Proche-Orient: Israël choqué après le meurtre d’un bébé palestinien

Une onde de choc a traversé Israël à l’annonce de l’incendie criminel perpétré vendredi par des colons extrémistes juifs dans le village palestinien de Douma, en Cisjordanie occupée, qui a coûté la vie à Ali Dawabcheh, 18 mois, et très grièvement blessé ses parents ainsi que son frère âgé de 4 ans.

Parmi les premiers à réagir en direct à la radio publique, le chanteur populaire Yoram Gaon s’est écrié: «Tu ne tueras pas.
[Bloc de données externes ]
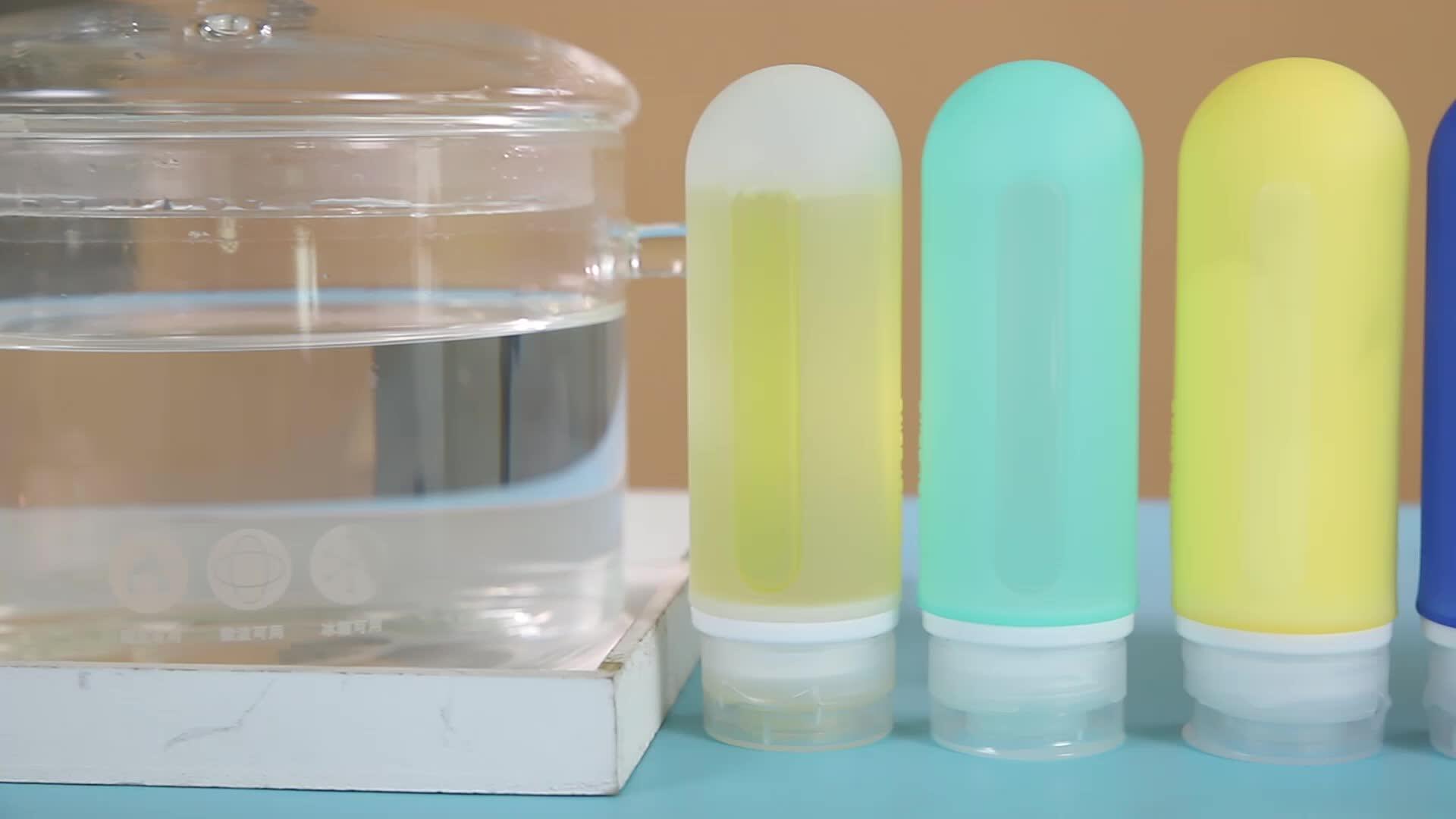 Mini Eco Friendly Reusable Silicone Tube Travel Kit,Soft Silicone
Dieu a créé l’homme à son image! […] J’ai honte!» C’est aussi ce qu’a déclaré Shimon Peres, ex-chef de l’Etat et Prix Nobel de la paix, samedi soir devant des milliers de manifestants rassemblés à Tel-Aviv pour scander «Non à la violence!» «Oui à la tolérance!» au surlendemain d’un sanglant attentat au poignard commis cette fois par un zélote juif orthodoxe durant la «Gay Pride» de Jérusalem et qui a coûté la vie à une adolescente.

Dérive haineuse

Toutes voix confondues, la classe politique israélienne a fustigé la dérive haineuse qui sévit sur les stades de football et frappe pêle-mêle les Palestiniens, les homosexuels, les étrangers ou même les pacifistes.

«Une nation dont les enfants ont péri dans les flammes de la Shoah doit procéder à un très profond examen de conscience lorsqu’elle engendre des êtres capables de brûler leurs prochains», a mis en garde Gilad Erdan, ministre de la Sécurité intérieure et baron du Likoud, le parti de droite au pouvoir.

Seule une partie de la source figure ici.